Se non siamo stati accettati da nostra madre o riconosciuti da nostro padre, ci portiamo dietro 2 ferite/mancanze che si trasformeranno in domande infinite che non smetteremo mai di porre a tutti coloro che incontriamo nella nostra vita. Un buco nero che nessuno sarà mai in grado di colmare.

Fin da piccoli mettiamo in atto qualsiasi tipo di strategia per essere accettati e riconosciuti e quindi per sopravvivere; e in effetti finchè siamo piccoli queste strategie possono ancora salvarci la vita, ma da adulti autosufficienti non solo non sono più necessarie ma danneggiano tutti i campi della nostra vita continuando in automatico ad applicarsi.
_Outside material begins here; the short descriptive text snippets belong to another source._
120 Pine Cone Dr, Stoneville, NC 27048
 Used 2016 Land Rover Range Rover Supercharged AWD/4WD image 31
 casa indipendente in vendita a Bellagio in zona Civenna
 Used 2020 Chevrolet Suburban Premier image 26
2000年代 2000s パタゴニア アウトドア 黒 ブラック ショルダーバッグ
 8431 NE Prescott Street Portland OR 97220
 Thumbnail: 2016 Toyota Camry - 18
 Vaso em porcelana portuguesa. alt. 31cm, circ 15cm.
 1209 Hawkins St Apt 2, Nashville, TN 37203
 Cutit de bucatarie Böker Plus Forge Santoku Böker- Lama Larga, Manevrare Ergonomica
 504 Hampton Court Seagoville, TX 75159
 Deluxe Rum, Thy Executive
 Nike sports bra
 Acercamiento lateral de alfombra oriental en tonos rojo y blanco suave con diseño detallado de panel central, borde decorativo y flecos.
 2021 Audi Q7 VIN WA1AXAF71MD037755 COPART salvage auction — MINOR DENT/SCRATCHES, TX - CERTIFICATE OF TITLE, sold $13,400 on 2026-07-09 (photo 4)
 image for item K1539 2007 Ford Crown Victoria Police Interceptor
E così ci sacrifichiamo, sacrifichiamo i nostri desideri, i nostri sogni per essere accettati e riconosciuti; ci nascondiamo; scendiamo a compromessi; manipoliamo; seguiamo dei modelli non esprimendo la nostra essenza, i nostri veri talenti e la nostra vera identità.

Se l’accettazione è la mia mancanza/domanda, sarò una persona silenziosa, con paura di disturbare e di espormi per essere accettata. E così facendo non sarò in grado di esprimermi liberamente. Non sarò in grado di dire dei “No”; sarò sempre disponibile fino a trasformarmi “nell’indispensabile”. Riconoscimento invece significa essere visti, avere il proprio posto ben identificato nel branco. Se il riconoscimento è la mia ferita, sarò “rumoroso”, appariscente, farò di tutto per ricevere attenzione, elogi, ringraziamenti, sarò sempre in competizione.

In entrambi i casi siamo in una trappola e rispondiamo solo a una mancanza e non ai nostri desideri.

A volte quindi anche il nostro lavoro è solo la buona soluzione per colmare questa mancanza e non è la vera espressione della nostra essenza perciò non siamo felici.

Una relazione (di qualsiasi tipo: amicizia, sentimentale, lavorativa) funziona solo se non c’è domanda, ma solo proposta. Un adulto non chiede più, propone. Se siamo nella domanda (in questo caso la domanda di colmare la mancanza infinita di accettazione e riconoscimento) blocchiamo la autentica espressione del nostro sè, blocchiamo il desiderio, l’emozione e la creatività.

L’unica persona che da adulta può fare qualcosa per saziare le nostre mancanze siamo noi; solo noi possiamo ora accettarci completamente e riconoscerci, tutti, senza critiche e giudizi, senza preconcetti, senza immagini così come siamo. Solo così saremo liberi da qualsiasi ricatto e liberi dalla domanda che blocca e limita il nostro sè e la nostra missione.